Thursday, September 17, 2009

Top 5 Things You Should Be a Food Snob About

I like to think I am very open-minded when it comes to food. I do enjoy fine dining for sure, but some of the best things I have ever eaten include street food items that probably should have given me trichinosis. I revel in discovering great cheap eats and awesome dives. I also love finding delicious treats that hail from half way around the world whose name I need to repeat multiple times to get the pronunciation right, only I am sure to still get it wrong. And perhaps the best evidence of how unpretentious I am about food, I have an unabashed adoration of fish sticks.


All that said, there are some things I am not only a food snob about, but will go as far as to say you should be too.


  1. The absolute number one food offender in my book is the spicy tuna roll. Sushi is served raw my friends. This is so you can taste the delicate flavor of the fish unadorned by things as overpowering, inappropriate and uncouth as mayonnaise with attitude. Would you put ketchup on top of caviar? Furthermore, because this sauce is so intense, sushi chefs tend to use the worst left-over tendon-ridden odds and ends to make these rolls because it really doesn’t matter. You could mash up bits of sewer rat underneath that muck and not be able to tell the difference. The pain on the face of one of my favorite sushi chefs whenever he has to make one of those monstrosities is more heart tugging than a Save the Children commercial. While I don’t patronize his restaurant often, I applaud Sasabune’s Chef Takahashi for posting a sign on the wall that reads “No Spicy Tuna.”

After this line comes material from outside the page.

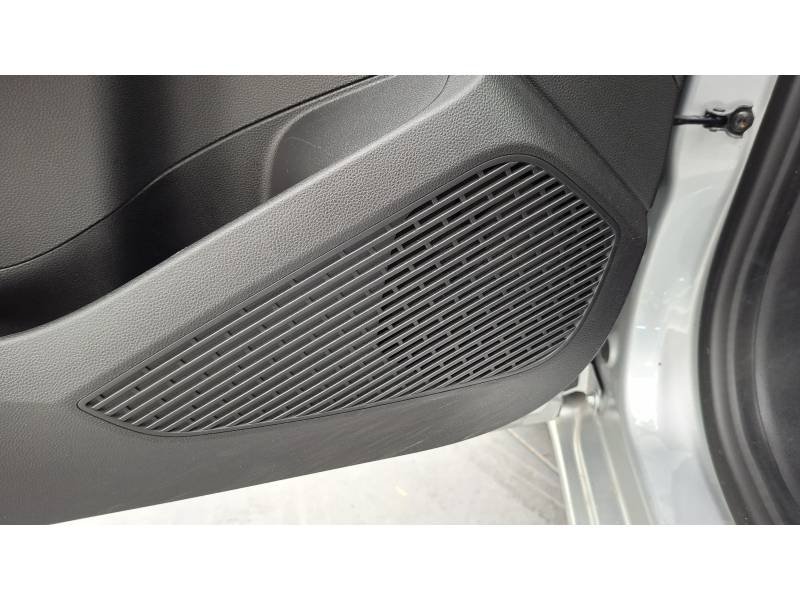 Renault Clio - Photo 27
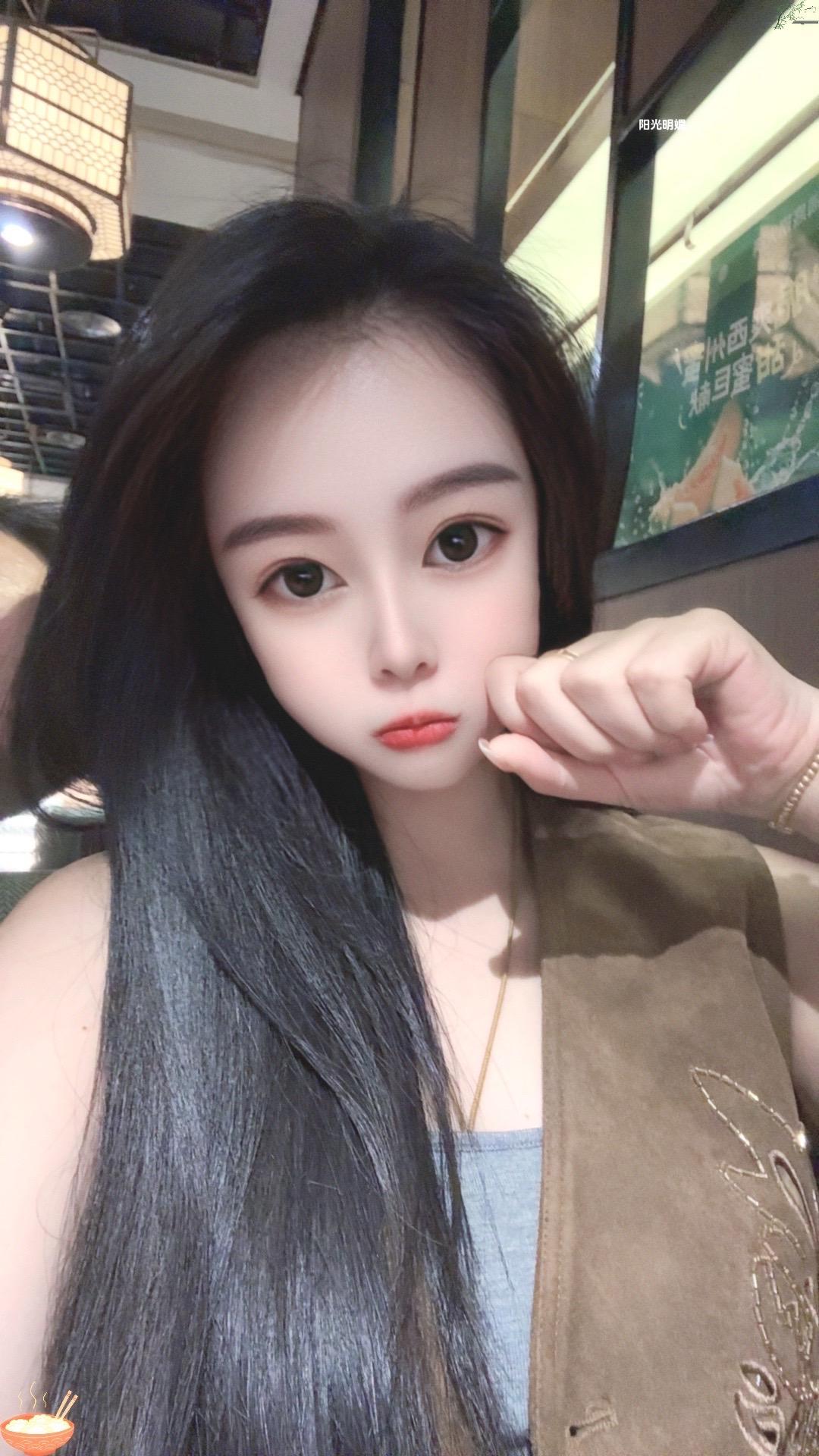 当你珍惜的时候，很多东西已经不在了，只有遗憾，让人念念不忘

  1. Next on my hit list is over cooked meat. An animal died so you could eat that, the least you can do in his honor is allow your food to retain some flavor so that he can look down at you from upstairs and think “Wow, look how delicious I am.” Overcooked meat, whatever its origin, all tastes the same. I defy you to tell the difference between well done beef, duck, lamb, prairie dog or whack-a-mole. If you simply do not enjoy a properly prepared medium rare piece of meat, please slide your plate over and order the vegetarian special.


  1. Bad pizza. It never fails to surprise me but there are people out there who eat this stuff, plastic-y layers of cheese on top of third tier store brand tomato sauce and all. I admit in some parts of the country people may not have many options but in New York City, the thin crust pizza capital of America, there is no excuse. Let’s remember, pizza is not health food. It’s loaded with high fat cheese and customarily served on top of white flour based dough. This doesn’t mean you shouldn’t eat it, but that when you do you should love it. It should be amazing and comforting and never leave you with that “Wow, I really didn’t need to eat that” feeling. It should be worth every last calorie. Some people say “sex is like pizza, even when it’s bad it’s good.” I disagree, on both counts.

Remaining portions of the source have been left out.